"For UNICEF, the emergency response to the tsunami, particularly in Aceh, where 170,000 people were killed and 800 kilometers of coastline devastated, remains one of the largest humanitarian operations in the organization's history," UN spokesman Stephane Dujarric said at a daily news briefing here.
"The unprecedented support and financial contributions by individual and corporate donors helped UN agencies such as UNICEF and the World Food Programme (WFP) roll out one of the most complex and wide-reaching emergency operations ever mounted," he said.
Also on Friday, UN Humanitarian Chief Valerie Amos and head of the UN Office for Disaster Risk Reduction (UNISDR), Margareta Wahlstrom, attended commemorative events in Phuket, Thailand.
At an event looking at how far the world has come in the 10 years, Amos noted that the tsunami illustrated that help is needed before, during and after a disaster hits.

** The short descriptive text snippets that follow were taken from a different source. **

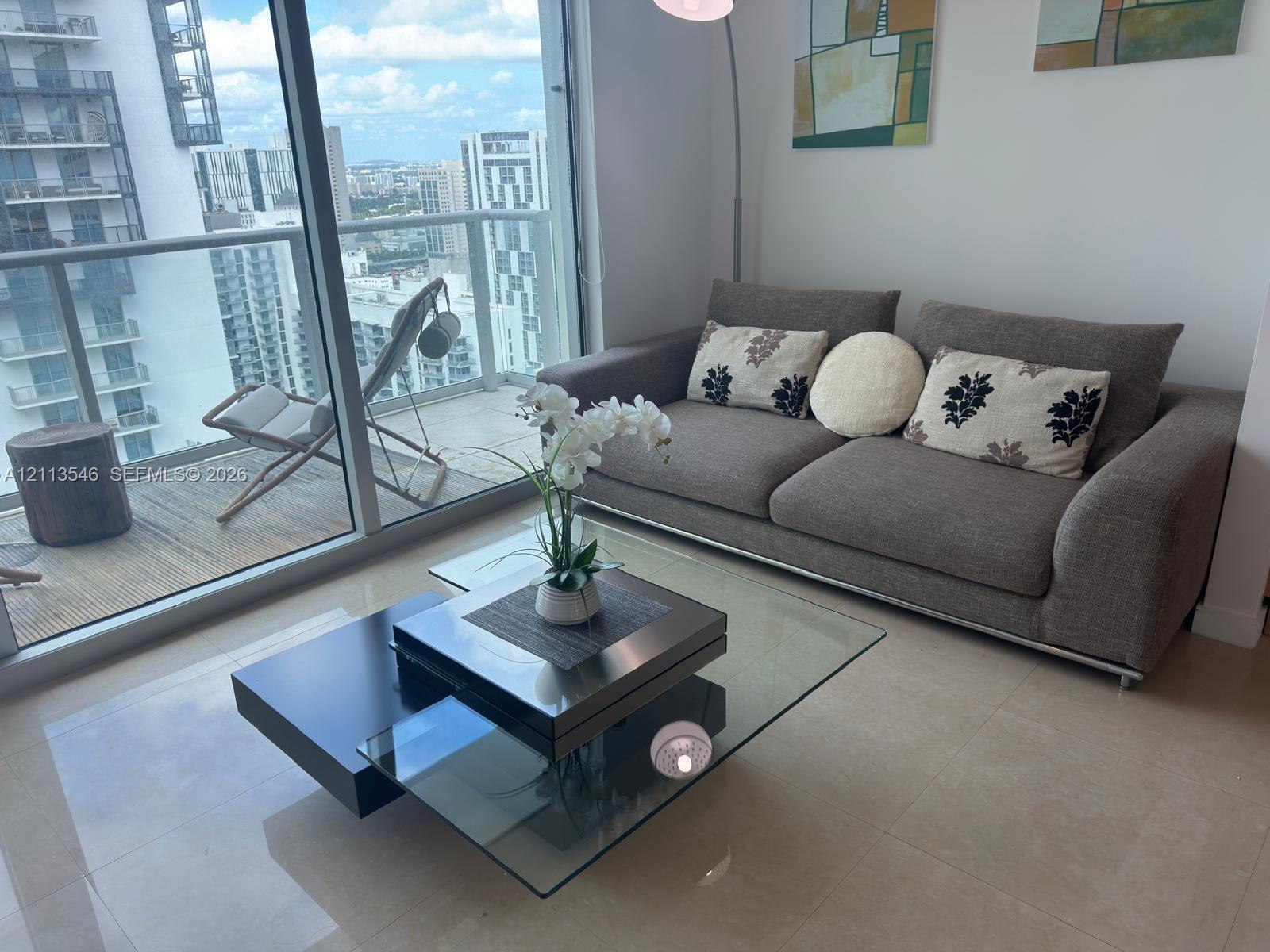 Floor-to-ceiling glass doors, neutral tile flooring, and a private balcony featuring a glass panel railing Floor-to-ceiling glass doors, neutral tile flooring, and a private balcony featuring a glass panel railing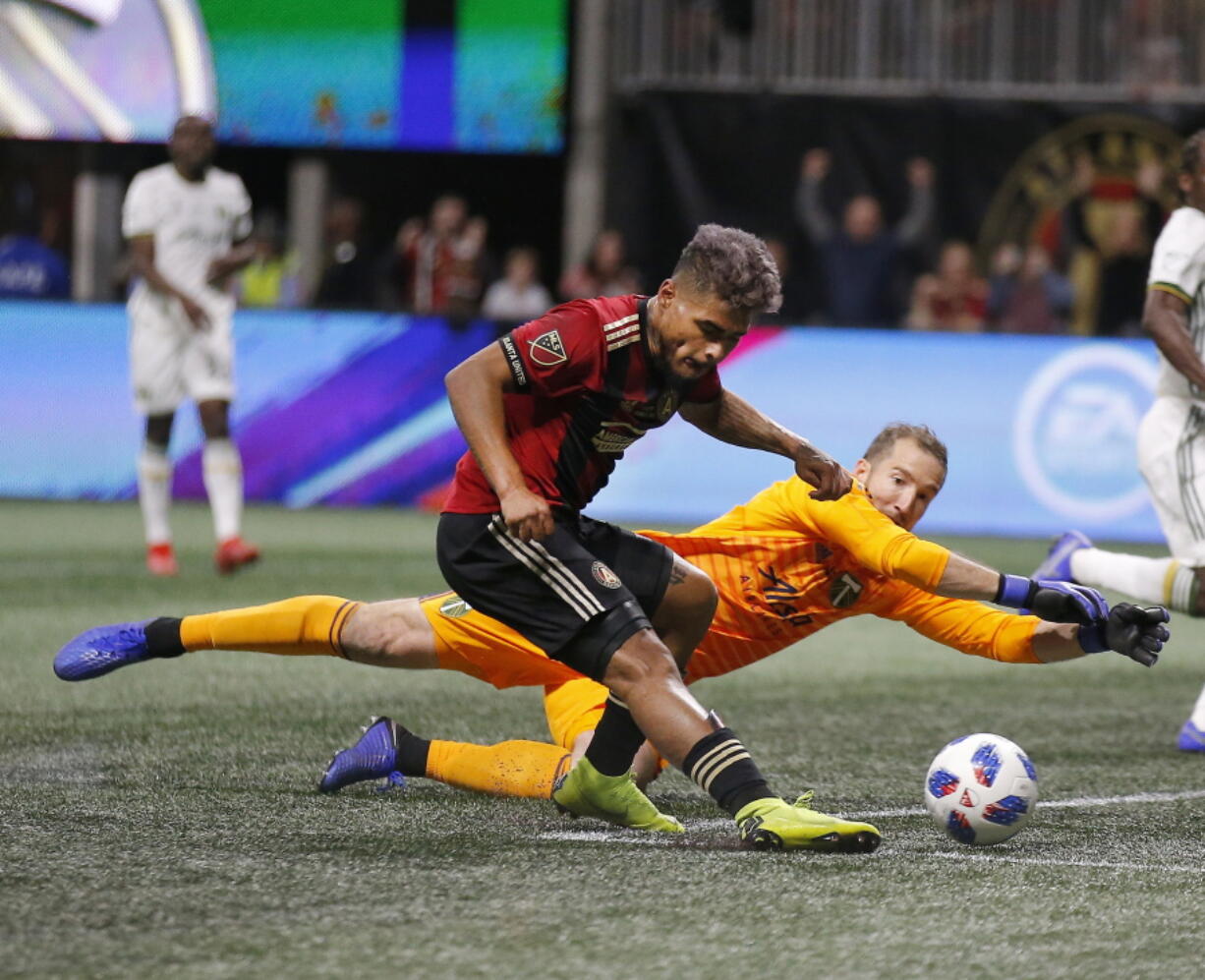 Atlanta United forward Josef Martinez (7) beats Portland Timbers goalkeeper Jeff Attinella (1) to score a goal during the first half of the MLS Cup championship soccer game, Saturday, Dec. 8, 2018, in Atlanta.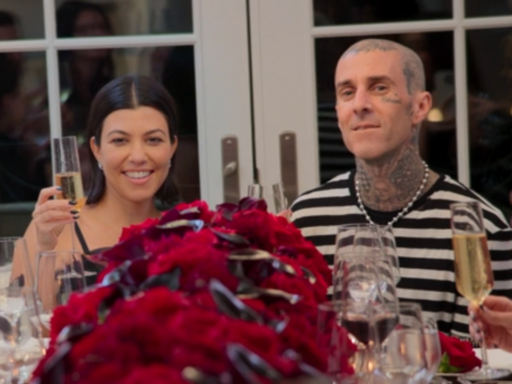 Kourtney Kardashian and Travis Barker sit at a table covered in red roses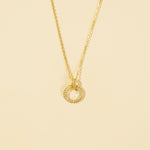 Load image into Gallery viewer, A clean, minimalist product shot of a gold circle pendant necklace on a neutral cream background. The image clearly displays the intricate design, with one half of the ring featuring sparkling pavé crystals and the other half a polished, twisted rope texture.
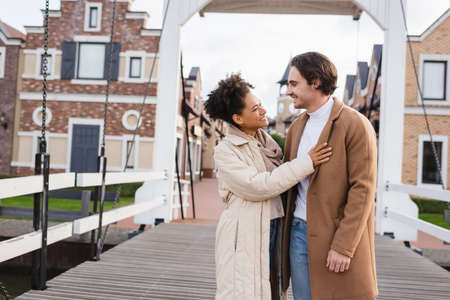 smiling multiethnic couple in coats hugging near shopping center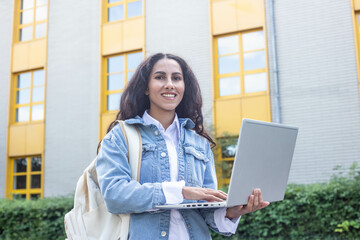 Smiling young Eastern girl stands in front of a school building or university campus holding laptop in her hands, dressed in a denim jacket and a backpack on her shoulders. Online education treatment.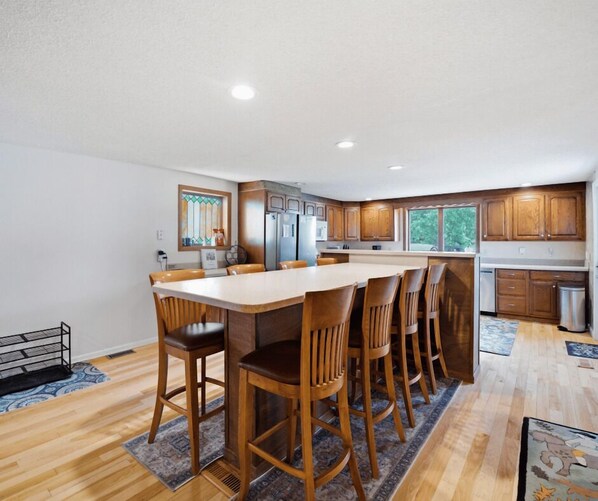 A modern kitchen with wooden cabinets, a central island with chairs, and a large window providing natural light.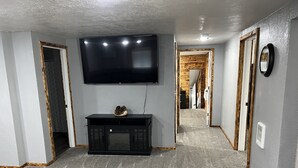 Un pasillo con una televisión de pantalla plana montada en la pared, un mueble multimedia negro con un cuenco decorativo y piso cubierto de alfombra.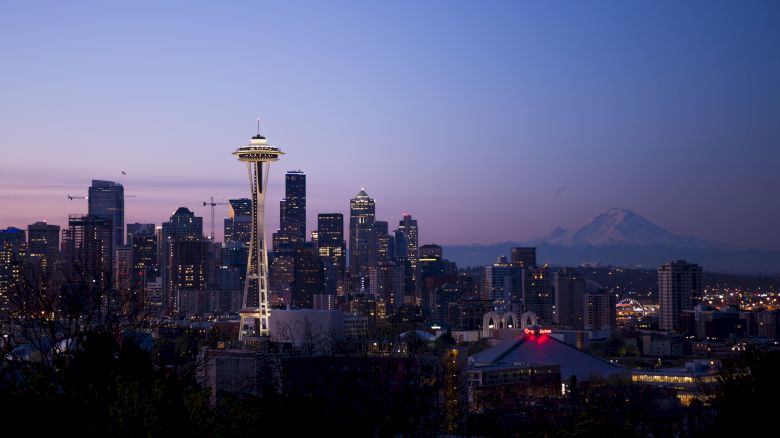 A city skyline at dusk features a tower and surrounding buildings, with a mountain in the distance against a purple-blue sky.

Noting that the impact of long-term help in Thailand is evident today, Amos added that the government and partners have worked to rebuild communities and help them better prepare for future shocks.
Ten years since a massive tsunami swept across the Indian Ocean, which killed more than 200,000 people and devastated coastline communities from Indonesia to Somalia, the world today is much better prepared to mitigate such disasters, senior United Nations officials have declared.
"Ten years after the Indian Ocean tsunami, the world has taken significant measures to make the world a safer place against disasters," Wahlstrom said in a press release issued Friday to mark the anniversary.
"We now have more efficient early warning systems and better evacuation procedures in place," she added. "There is also greater understanding and awareness globally of the broad damage that disasters can inflict on our societies."
The world's worst recorded natural disaster hit the Asia Pacific region on Dec. 26, 2004, claiming the lives of 227,000 people in 14 countries and leaving the livelihoods of some 1.4 million survivors in tatters.
While the immediate economic loss caused by the event was estimated at 9.9 billion US dollars, the tsunami has also inflicted long-term environmental and development harm as salt water contaminated the land, wiping out agriculture and damaging forests and ecosystems.
At the same time, the widespread devastation and sheer immensity of the disaster spurred the international community into immediate action. Just three weeks after the tsunami, countries united in Hyogo, Japan, to craft the Hyogo Framework for Action -- the world's first comprehensive agreement on disaster reduction.